Treat the magnet as a dipole of negligible size but with a finite magnetic dipole moment $\mathbf{m}$. Suppose that the dipole is rotating about an axis perpendicular to $\mathbf{m}$, as described in the OP, and let $\omega$ denote the angular velocity of the rotation. The radiated power, integrated over all directions and averaged over a rotational period, is
$$
P = \frac{\mu_0 |\mathbf{m}|^2\omega^4}{6\pi c^3}
\tag{1}
$$
where $c$ is the speed of light and $\mu_0$ is the vacuum magnetic permeability. The condition that the magnet have "negligible size" means that its size is small compared to the wavelength $c/\omega$.
This is essentially equation (9.53) in
- Griffiths (1989), Introduction to Electrodynamics (Second Edition),
except that (1) is larger by a factor of $2$. That's because Griffiths considers a dipole that oscillates along the direction of $\mathbf{m}$ instead of a rotating dipole. To deduce (1) from Griffiths' result, a rotating dipole may be regarded as a pair of orthogonal oscillating dipoles, out of phase by $\pi/2$ so that the magnitude of the total magnetic moment remains constant.
The source of the torque: intuition
We know that the magnet must lose rotational kinetic energy to balance the energy that is carried away as radiation, because the total energy is conserved. But what mechanism slows the rotation?
I didn't find a detailed treatment in the literature, so I'm posting a relatively detailed answer here. I'll start with an intuitive preview, and then I'll show that the intuition has a solid theoretical foundation using an explicit model that includes Maxwell's equations.
We can think of the magnet as being made of lots of little magnetic dipoles distributed throughout the volume of the magnet. Consider one of these dipoles, say the one at $\mathbf{x}$.
These magnetic dipoles "want" to be aligned with each other. This can be verified empirically, using a pair of bar magnets. Therefore, any misalignment between the dipole at $\mathbf{x}$ and the magnetic field produced by the other dipoles results in a torque on the dipole at $\mathbf{x}$ that tends to restore its alignment with the others.
The dipoles interact with each other via the magnetic field. In the limit of a continuum of infinitesimal dipoles, it becomes correct to think of the magnetic field at $\mathbf{x}$ as being the superposition of the magnetic fields from all of the other dipoles. The model described below uses this idealization.

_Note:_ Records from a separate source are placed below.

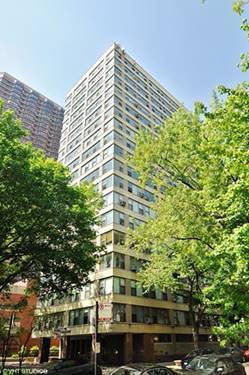 2970 N Lake Shore Unit 8F, Chicago, IL 60657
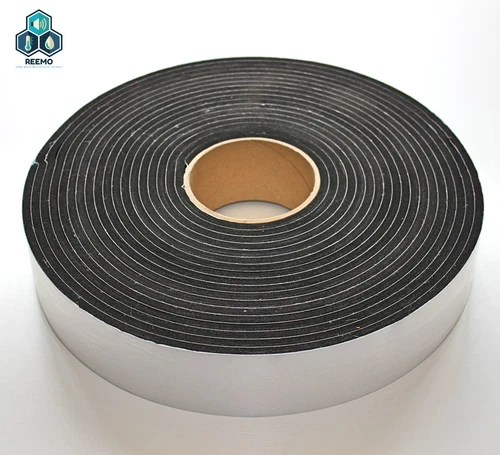 Acoustic / Soundproofing Resilient Tape - Stud work / Joist Isolation Strips 10m - Picture 2 of 5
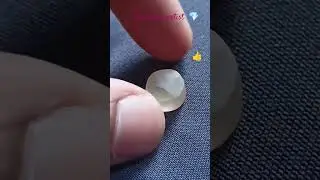 gemstone making #diamond #gemsstoneartist  #art #shorts #jaipur #gemsstoneartist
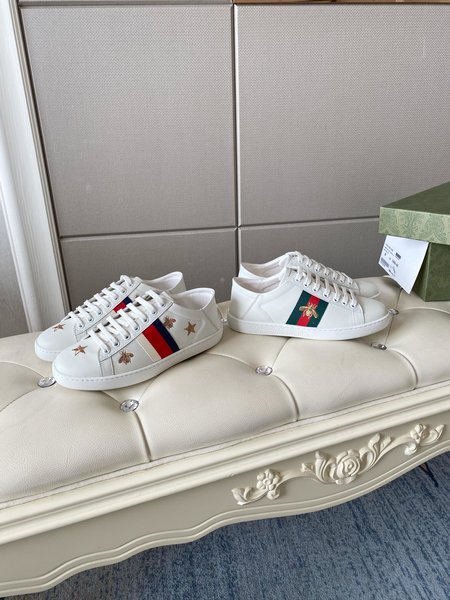 Gucci Lace-up casual shoes sneakers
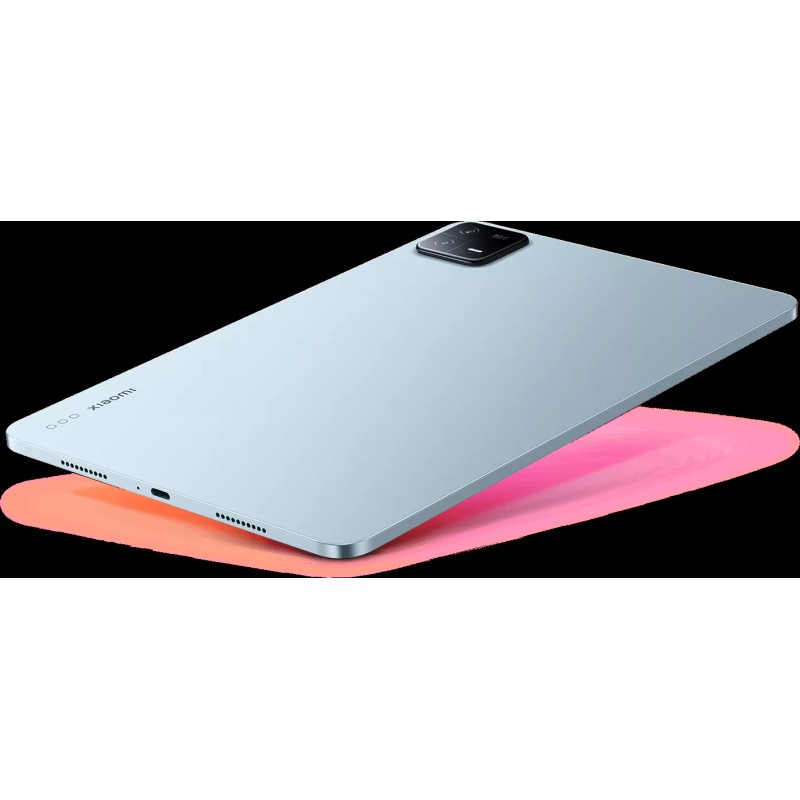 Планшет Xiaomi Pad 6 6GB/128GB (голубой, международная версия)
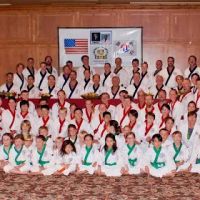 Rocky Mountain Martial Arts- Aspen Moo Duk Kwan ico
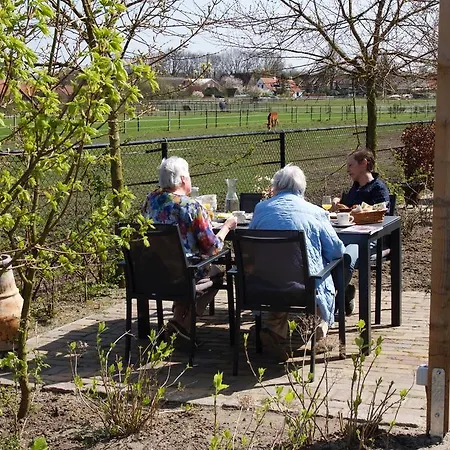 Vakantiehuis Rent Jamzes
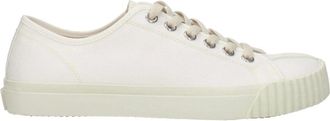 Maison Margiela Hombre, Zapatos, Blanco, Talla: 41 EU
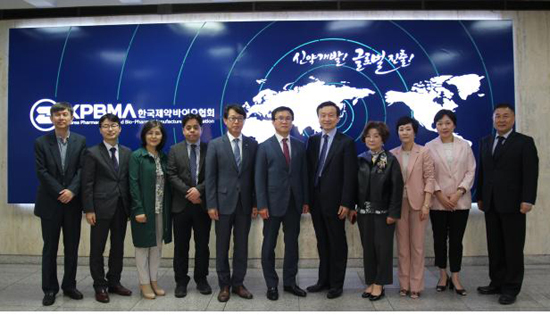 제약협, 광고심의원장에 정재훈 삼육대 교수 재선임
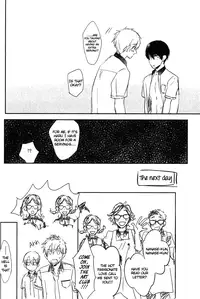 (GOOD COMIC CITY 20) [mew&siren (Kirimochi Nie)] Juicy live on mermaid. (Free!) [English] [MYTH720]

Here's the key: If the magnet is rotating, then the magnetic field at $\mathbf{x}$ is the superposition of delayed versions of the magnetic fields from the other dipoles, because any change in the field propagates at a finite speed (the speed of light). Thus the torque on the dipole at $\mathbf{x}$ tends to restore its alignment with where the rest of the magnet was at some time slightly in the past, a time that increases with the distance from $\mathbf{x}$. In other words, the torque tends to counteract the magnet's rotation, gradually slowing it down.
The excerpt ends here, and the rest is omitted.